Hats off to hats!
From everyday object of around 1750 to today’s designer creations
20 October 2018 – 7 April 2019
The hat is currently experiencing a small renaissance. An ever-increasing number of fashion designers are expanding their collections with hat creations, and artists from around the world are breathing new life into the hat.
This special exhibition takes visitors on a short journey through the history of the hat while also displaying hats from famous modern-day hat designers and artists.
All creations will only be shown in this form at this exhibition in Basel.
Over 100 historical women’s hats, children’s hats, and of course men’s hats represent the fashion trends of the past 200 years. The extraordinary and extravagant creations of the 21st century are represented by over 120 hats designed by 69 artists from 17 countries. This select group of artists includes John Boyd, who worked for Lady Diana, and Stephen Jones – the favorite designer of Rihanna, Katy Perry and Mick Jagger – whose hats are exhibited in prestigious museums all over the world, including the Metropolitan Museum of Art in New York and the Louvre in Paris. To mention just two of the exquisite artist group.
If an outfit’s accessories are the icing on the cake, then the hat is like the cherry on top. It is an extravagant accessory consciously deployed by men and women alike. A hat is sure to stand out immediately and catch the eye. Wearing a hat is a conscious decision made for the purpose of standing out from the crowd. Hence: Hats off to hats!
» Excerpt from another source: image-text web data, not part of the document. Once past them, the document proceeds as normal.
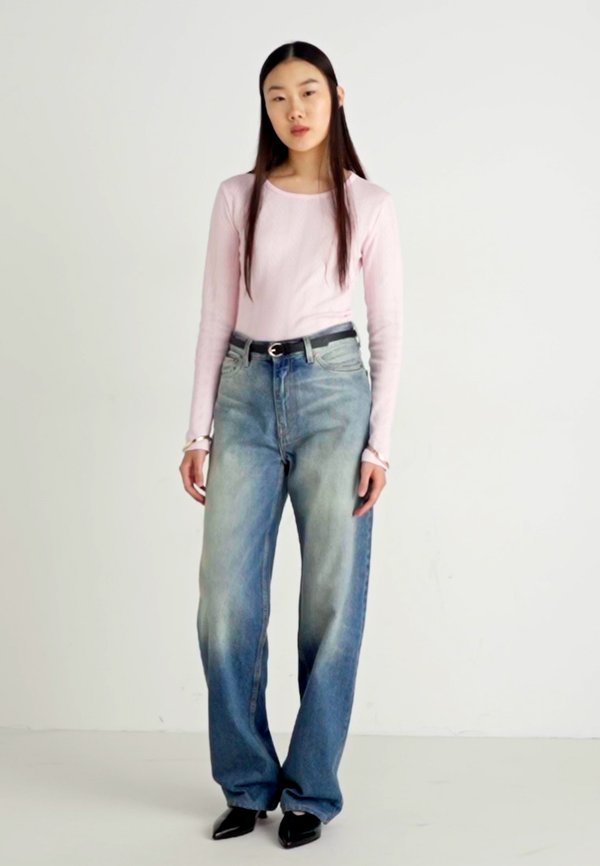 VMLISA  - Long sleeved top3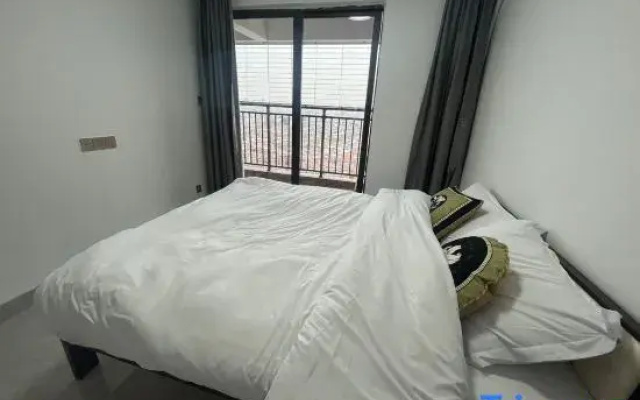 Licheng Impression Homestay (West Street)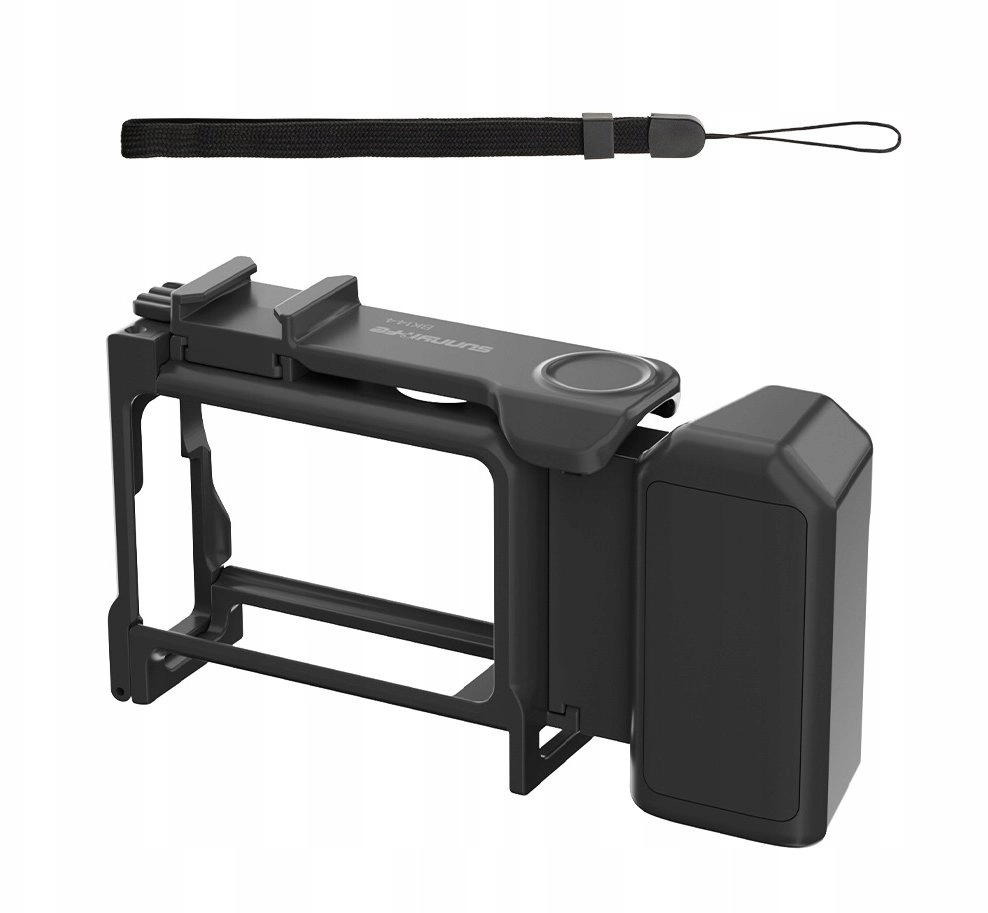 Sunnylife 2-in-1 frame and mount for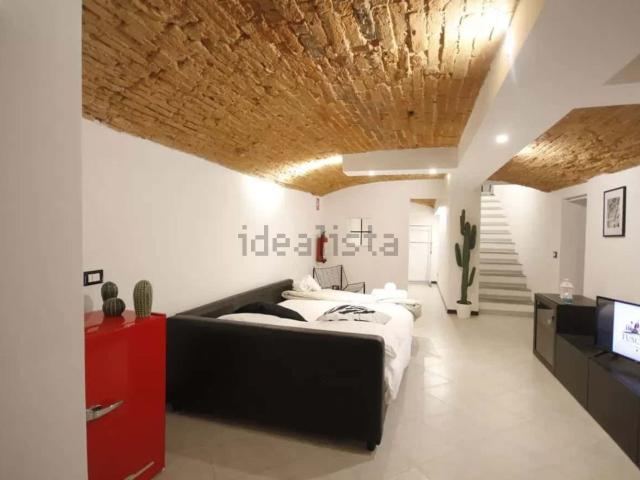 Appartamento in affitto a Quartiere 1, Firenze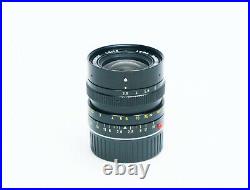 Leica Leitz Elmarit-M 28mm F/2.8 M-Mount Canada Lens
Of course, hats have also been worn to protect against cold, rain, heat or wind. They were also used as manifestations of certain political stances or indicators of power and affiliation. So a hat is more than just a head covering – it is a message. Throughout history, great significance has been assigned to whose head was uncovered by whom, thus exposing them as vulnerable and powerless. Taking off your hat when greeting someone was originally a sign of respect only afforded to people of higher social standing by those lower in the social order. Members of certain professional groups wore the hats associated with their professions. Examples of this included top hats and bowler hats as well as caps and helmets.
For women, head coverings had a different function. They indicated, for example, whether a woman was married or single. Married women wore bonnets, which meant something like subject to the man. Women were also expected to keep their hair covered. The wide variety of women’s hats is a result of changing fashions – for example, the small shape of hats, which in 1860/70 were perched atop increasingly larger piles of hair made up of curls and plaits, gave way to true monster hats at the beginning of the 20th century.